The evolutionary and developmental mechanisms underlying this peculiar, cross-taxonomic diversity of animal color patterns have remained largely unexplored until recently. In the past few years, however, progress has been made by identifying genes that are involved in similar skin patterns across multiple animal species (1416). Some simple motifs, such as longitudinal stripes and wing spots, have been shown to be formed by using genetically encoded prepatterns originating from spatial landmarks or structural components of other body parts (12, 17). Accordingly, with respect to these simple pattern motifs, intuitive explanations for their repeated occurrence across clades have been provided: Within each lineage, the painting of prepatterned regions is just switched on and off by particular genes (12, 15). By contrast, more complex colorations such as camouflaged labyrinthine patterns have apparently no obvious relationship with any structures or body parts and cannot be formed simply from prepatterned positional information. Hence, it still remains a mystery how these intricate patterns have evolved and why unexpectedly similar, elaborate pattern motifs repeatedly and ubiquitously emerged across distantly related animal taxa.

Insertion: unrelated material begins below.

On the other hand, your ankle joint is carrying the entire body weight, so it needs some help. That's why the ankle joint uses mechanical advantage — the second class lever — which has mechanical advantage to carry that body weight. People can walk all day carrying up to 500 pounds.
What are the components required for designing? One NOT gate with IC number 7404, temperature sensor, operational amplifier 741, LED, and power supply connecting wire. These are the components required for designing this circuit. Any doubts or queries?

A theoretical approach (18) has suggested an intriguing possibility to unravel this mystery. Using a specific class of the reaction-diffusion (RD) system (19) first proposed by Alan Turing (20), it has been predicted that complex and camouflaged markings can be formed by the morphological “blending” of simple patterns by hybridization (18). For example, crossing between virtual organisms with inverted spot patterns―one with light spots on a dark background and the other with dark spots on a light background―will necessarily result in intricate labyrinthine patterns as morphologically “blended” intermediate phenotypes (Fig. 1B and fig. S1).

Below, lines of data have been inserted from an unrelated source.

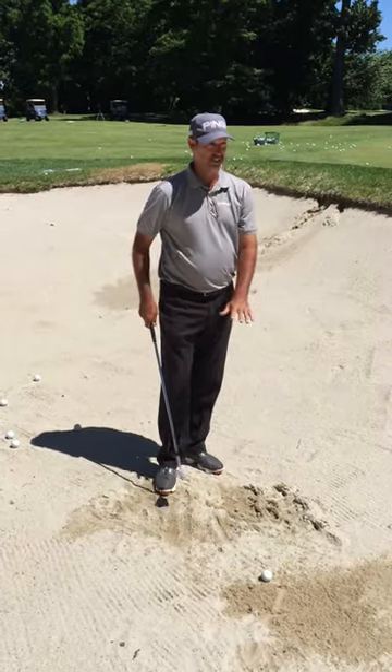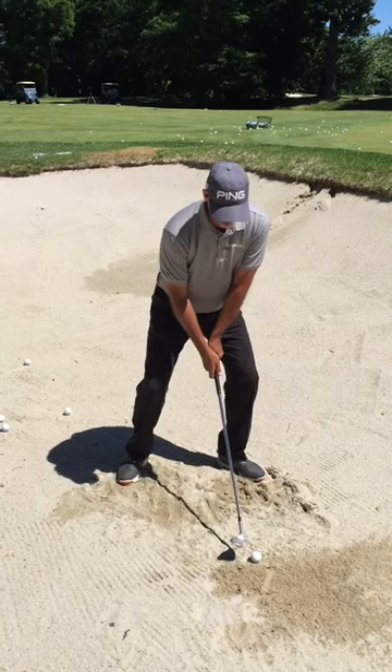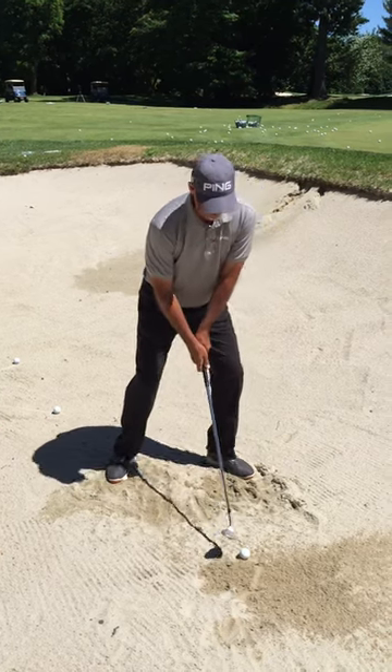The ball won't bounce because the sand gives way underneath, so I set up a little farther from the ball. My hands are dropped low, my spine's leaning left, and I have the shaft pretty neutral to almost back. My stance is pretty square.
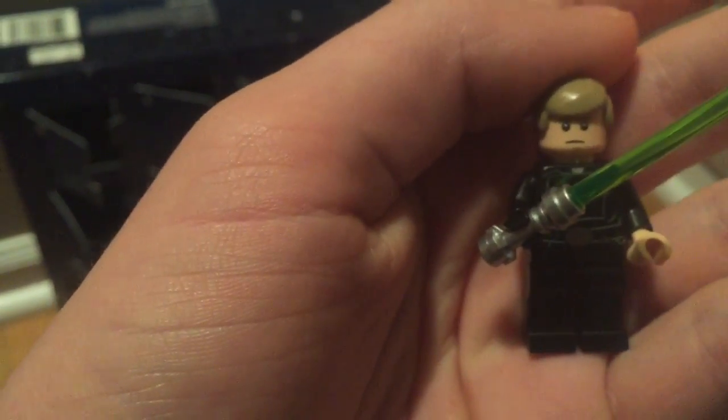He has a double-sided face also. That's his more normal expression. Then if I switch around, there's his happier expression on the back.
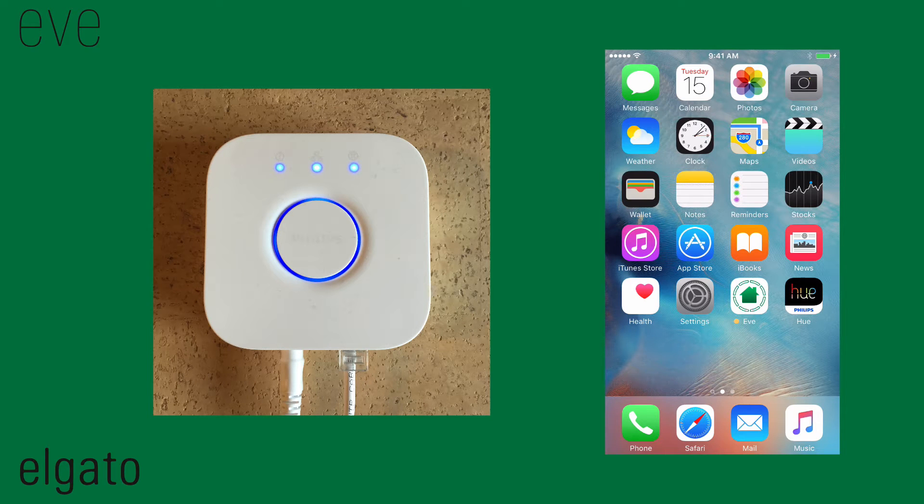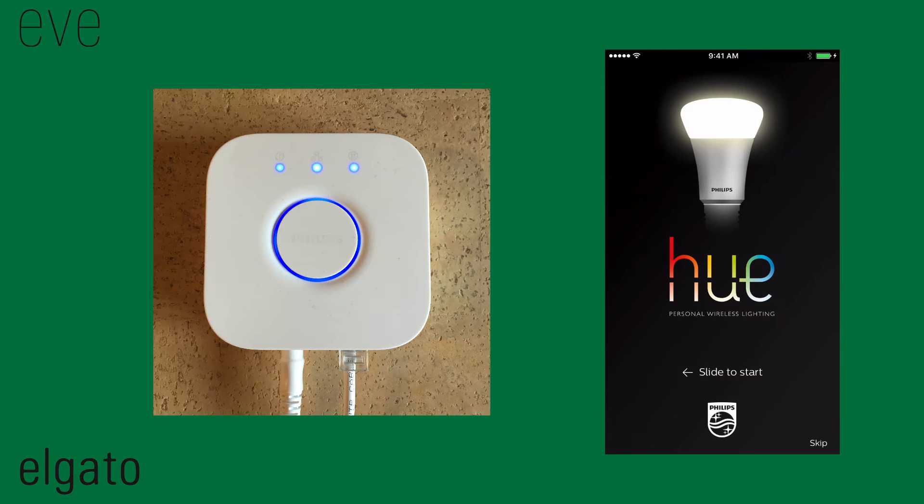To use the HomeKit enabled Philips Hue Bridge 2 and your Philips Hue lamps with Elgato Eve, the initial setup has to be done within the Philips Hue app. Start the app, skip the intro, and tap Start.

If this prediction is widely applicable to real animals, one can expect that organisms having complex and camouflaged motifs can abruptly emerge from events of hybridization between species that have simple patterns. This “pattern blending” hypothesis would account for the enigmatic repeated occurrence of similar, intricate pattern motifs across distantly related taxa, while simultaneously offering a plausible explanation for the discrete, qualitative pattern differences between closely related species. Although the model prediction has been partially confirmed by empirical evidence such as artificial hybridization of salmonid species (18), natural instances supporting the pattern blending hypothesis so far are very limited, and it is unclear whether, or to what extent, pattern blending contributes to the actual diversity of animal color patterns.

In this study, I test the pattern blending hypothesis by exploring the natural diversity of color patterns in fish lineages. First, I analyze the skin patterns of more than 18,000 species of marine and freshwater fishes and examine phylogenetic collocations of pattern motifs to infer the mechanistic associations among them. I show that apparent phenotypic similarity does not necessarily correspond to the mechanistic association between pattern motifs. On the contrary, strong positive associations between phenotypically dissimilar pattern motifs are present, which are consistent with the pattern blending hypothesis. Next, I provide demonstrative examples of pattern blending by using color pattern quantification and comparative genomic analyses targeting representative fish species. Last, by applying phylogenetic comparative methods, I show that pattern blending has contributed to the diversity of color patterns in multiple major fish lineages.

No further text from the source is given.